━━━━━ Data records ━━━━━

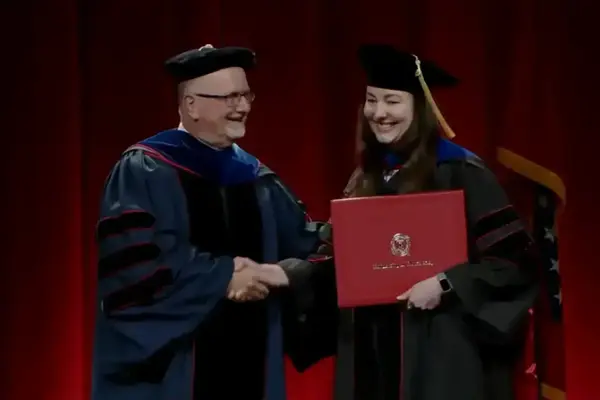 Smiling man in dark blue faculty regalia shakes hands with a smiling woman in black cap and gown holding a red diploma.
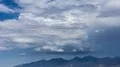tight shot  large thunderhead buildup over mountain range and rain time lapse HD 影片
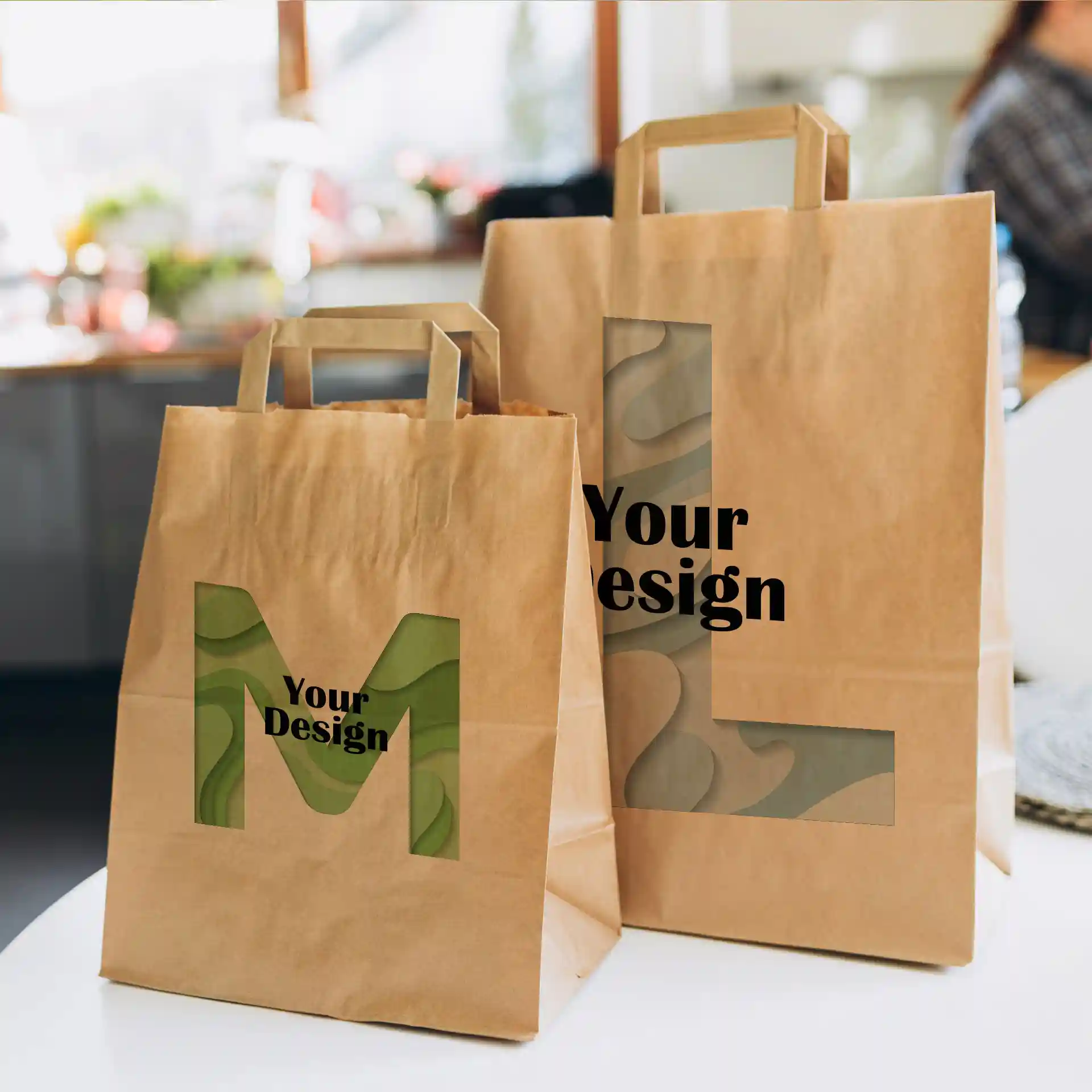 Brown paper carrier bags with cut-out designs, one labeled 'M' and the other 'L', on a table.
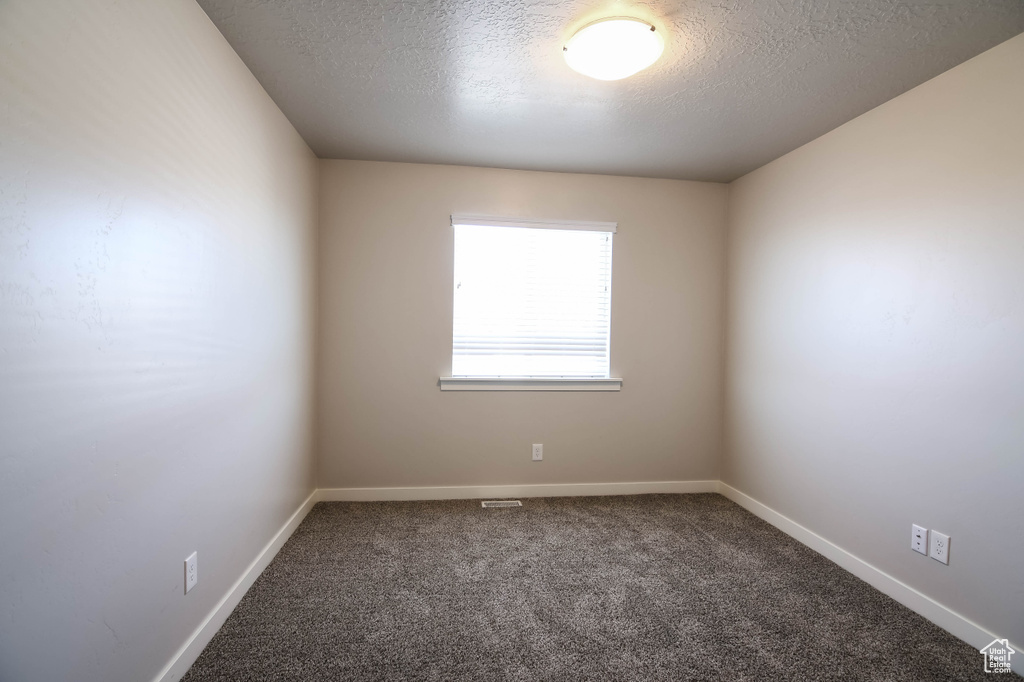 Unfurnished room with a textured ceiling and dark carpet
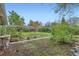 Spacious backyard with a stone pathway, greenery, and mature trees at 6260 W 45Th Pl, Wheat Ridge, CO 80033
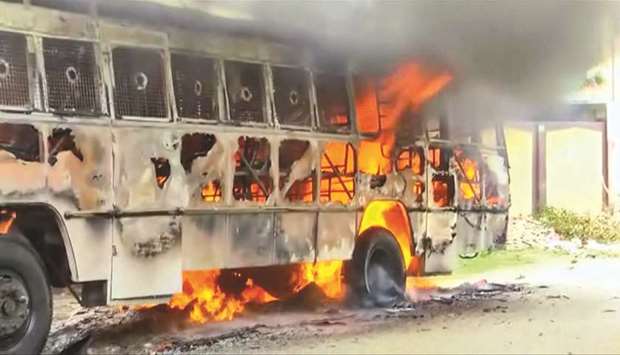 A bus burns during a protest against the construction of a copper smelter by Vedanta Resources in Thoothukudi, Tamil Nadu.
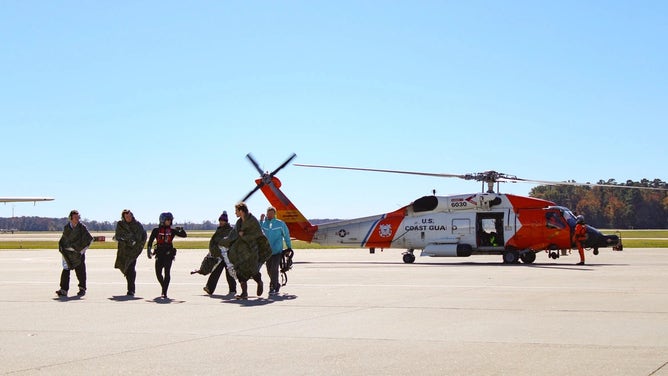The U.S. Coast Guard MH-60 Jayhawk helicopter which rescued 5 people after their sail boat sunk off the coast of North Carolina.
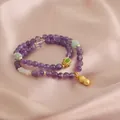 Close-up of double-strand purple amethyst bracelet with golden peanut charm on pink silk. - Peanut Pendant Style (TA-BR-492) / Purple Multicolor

━━━━━

**What is needed**
From the first line above through the line containing "Unfurnished room with", copy everything exactly, without the pictures.

**Response**
 Smiling man in dark blue faculty regalia shakes hands with a smiling woman in black cap and gown holding a red diploma.
tight shot  large thunderhead buildup over mountain range and rain time lapse HD 影片
 Brown paper carrier bags with cut-out designs, one labeled 'M' and the other 'L', on a table.
 Unfurnished room with a textured ceiling and dark carpet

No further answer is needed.